MATERIAL FOR THIS EXERCISE:
———
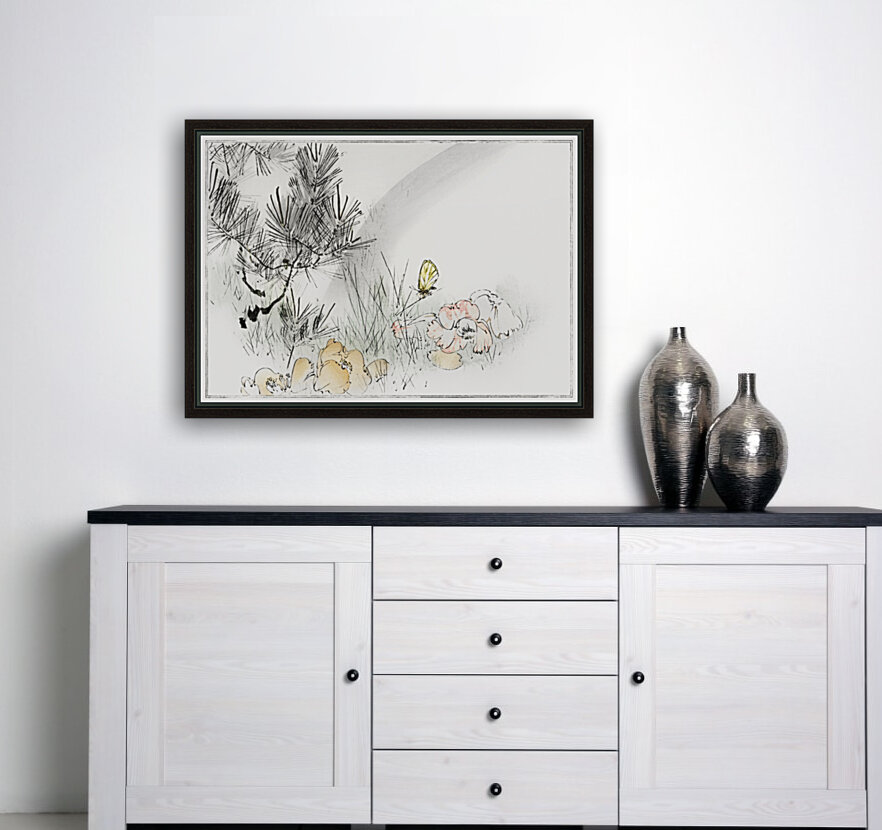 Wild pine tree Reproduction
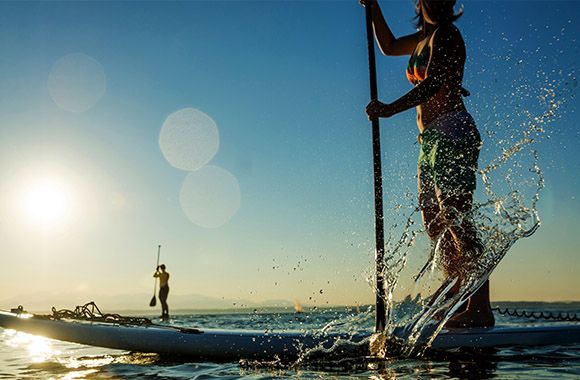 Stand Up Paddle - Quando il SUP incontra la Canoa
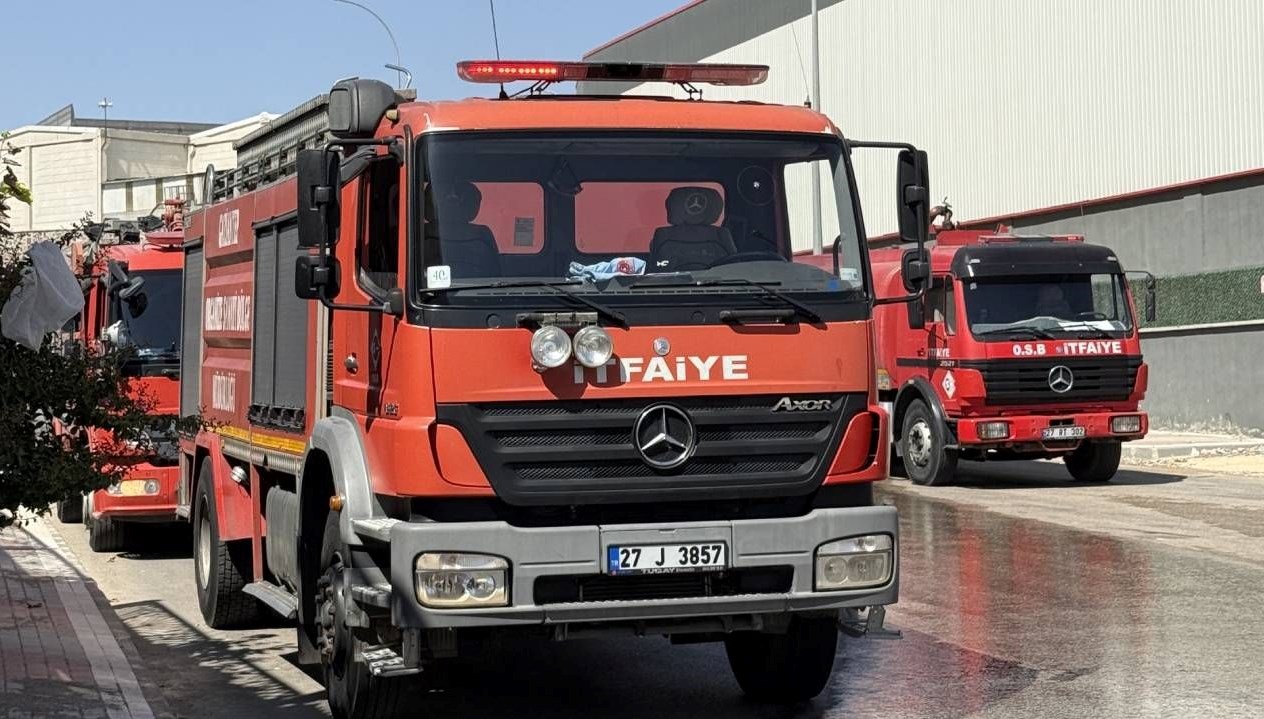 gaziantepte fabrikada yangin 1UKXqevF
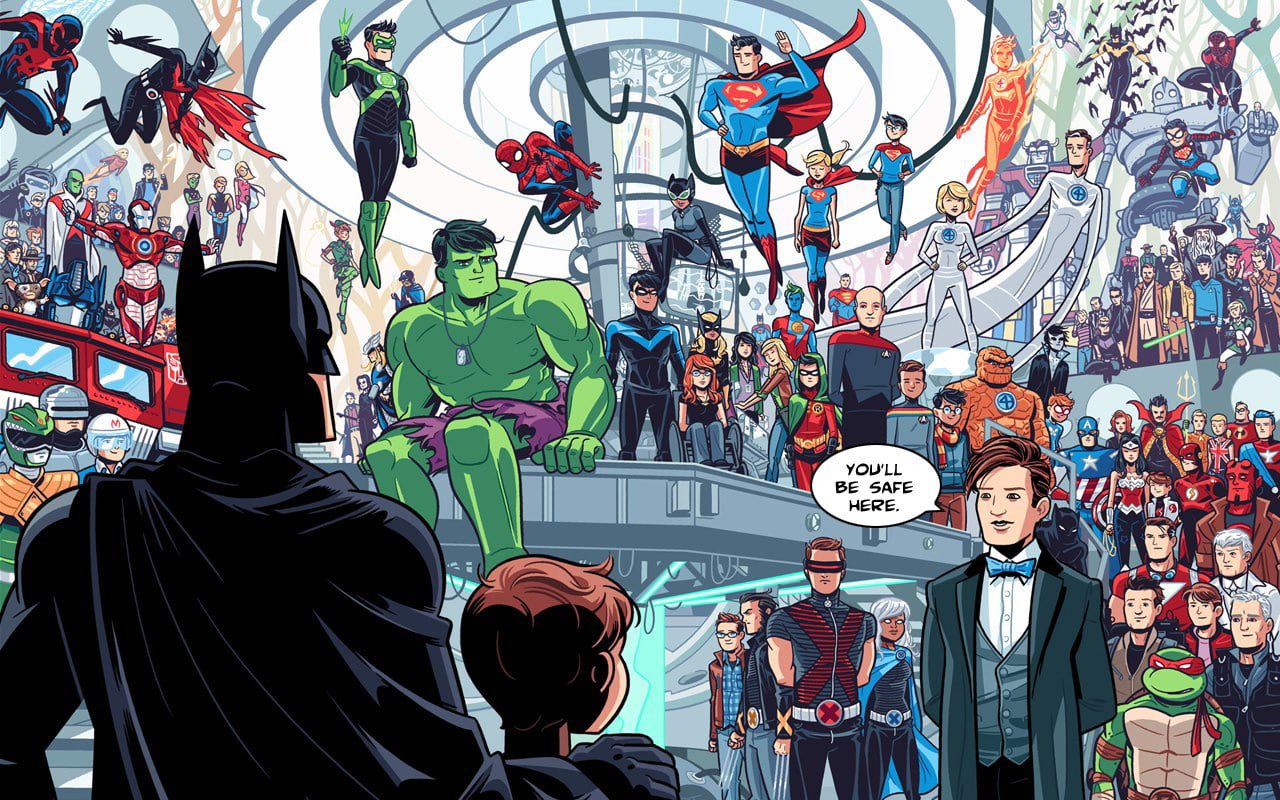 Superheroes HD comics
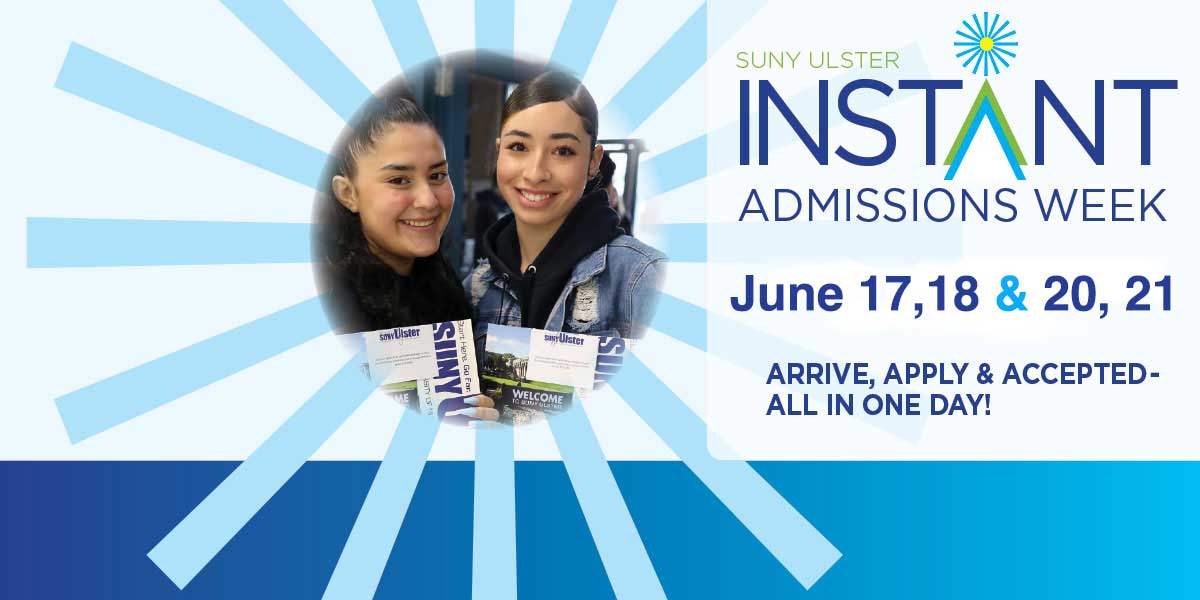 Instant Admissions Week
———
TASK PROMPT: Exact copy, no pictures: write out all the records above.

OUTPUT OF THE EXERCISE:
 Wild pine tree Reproduction
 Stand Up Paddle - Quando il SUP incontra la Canoa
 gaziantepte fabrikada yangin 1UKXqevF
 Superheroes HD comics
 Instant Admissions Week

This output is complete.